Un homme de 30 ans a été violemment agressé dimanche en fin d’après-midi dans les locaux de l’Association culturelle des travailleurs immigrés de Turquie (ACTIT), situés dans le Xe arrondissement de Paris. Six suspects, présentés comme appartenant à l’ultradroite, ont été interpellés et placés en garde à vue. Une enquête pour tentative d’homicide a été ouverte.
L’agression s’est produite aux alentours de 17h20, alors qu’une projection du film Z de Costa-Gavras, organisée par l’association Young Struggle France, devait avoir lieu. Selon la préfecture de police, une vingtaine d’individus cagoulés et vêtus de noir ont forcé la porte du bâtiment avant de pénétrer dans la cour, armés de tessons de bouteilles. De son côté, le parquet de Paris évoque plutôt « une trentaine d’individus ». Sur les images diffusées sur les réseaux sociaux, on voit un homme en bleu être violemment pris à partie par plusieurs agresseurs avant que ces derniers ne prennent la fuite.
Blessée à plusieurs endroits, la victime présentait notamment « une plaie plus importante pouvant être consécutive à un coup porté par une arme blanche », selon la préfecture de police. Son pronostic vital a d’abord été engagé avant que son état ne s’améliore. Il a finalement pu quitter l’hôpital dans la nuit.

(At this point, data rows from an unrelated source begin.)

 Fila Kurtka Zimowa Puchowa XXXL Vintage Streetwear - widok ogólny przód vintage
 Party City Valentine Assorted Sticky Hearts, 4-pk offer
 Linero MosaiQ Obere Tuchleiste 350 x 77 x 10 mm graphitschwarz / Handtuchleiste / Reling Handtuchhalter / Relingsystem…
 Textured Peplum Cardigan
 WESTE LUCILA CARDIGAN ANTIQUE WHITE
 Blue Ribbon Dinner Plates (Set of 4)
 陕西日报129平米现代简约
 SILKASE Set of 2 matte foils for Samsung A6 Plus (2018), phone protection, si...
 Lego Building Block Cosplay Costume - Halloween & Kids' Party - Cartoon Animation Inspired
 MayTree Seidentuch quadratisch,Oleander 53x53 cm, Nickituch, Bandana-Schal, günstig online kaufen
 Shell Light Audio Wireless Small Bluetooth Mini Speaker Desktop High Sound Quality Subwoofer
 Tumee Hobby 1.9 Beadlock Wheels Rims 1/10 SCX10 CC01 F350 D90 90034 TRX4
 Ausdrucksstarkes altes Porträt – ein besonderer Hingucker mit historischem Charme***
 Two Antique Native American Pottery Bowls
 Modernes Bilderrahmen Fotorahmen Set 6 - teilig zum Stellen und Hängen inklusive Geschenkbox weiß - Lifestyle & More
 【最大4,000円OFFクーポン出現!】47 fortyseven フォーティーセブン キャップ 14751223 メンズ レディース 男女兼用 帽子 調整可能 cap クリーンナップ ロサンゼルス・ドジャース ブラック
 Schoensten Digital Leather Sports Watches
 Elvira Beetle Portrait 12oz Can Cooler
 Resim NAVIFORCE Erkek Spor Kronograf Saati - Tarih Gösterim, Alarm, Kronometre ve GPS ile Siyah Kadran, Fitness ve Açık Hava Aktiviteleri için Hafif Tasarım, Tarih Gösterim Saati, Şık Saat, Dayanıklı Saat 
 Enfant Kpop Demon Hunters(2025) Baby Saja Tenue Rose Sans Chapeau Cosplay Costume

Les forces de l’ordre sont rapidement intervenues et ont interpellé six suspects dans une station de métro voisine avant de les placer en garde à vue. Selon plusieurs sources, ils appartiennent à la mouvance radicale de l’extrême droite. L’enquête, confiée au 2ᵉ district de police judiciaire, vise à éclaircir les circonstances de l’agression ainsi que le profil et les motivations des suspects. « Les investigations sont en cours », a indiqué le parquet de Paris.
Une vague d’indignation
L’attaque a suscité de nombreuses réactions politiques et syndicales. Sur X, le député (LFI) de Seine-Saint-Denis, Thomas Portes, a dénoncé les propos tenus par l’un des assaillants, qui aurait crié « Paris est nazi ! » en prenant la fuite. Sophie Binet, secrétaire générale de la CGT, a également réagi sur le même réseau social, affirmant que la victime est un militant de son syndicat et condamnant « une attaque d’une violence inouïe » dont « les auteurs doivent être jugés ».
De son côté, l’ACTIT a dénoncé sur Facebook une agression visant « clairement à empêcher l’organisation des travailleurs migrants et la lutte de la jeunesse anticapitaliste et antifasciste contre le fascisme et le racisme ». L’association réclame l’arrestation des responsables ainsi que des sanctions contre « toutes les institutions ayant fait preuve de négligence dans cette attaque ».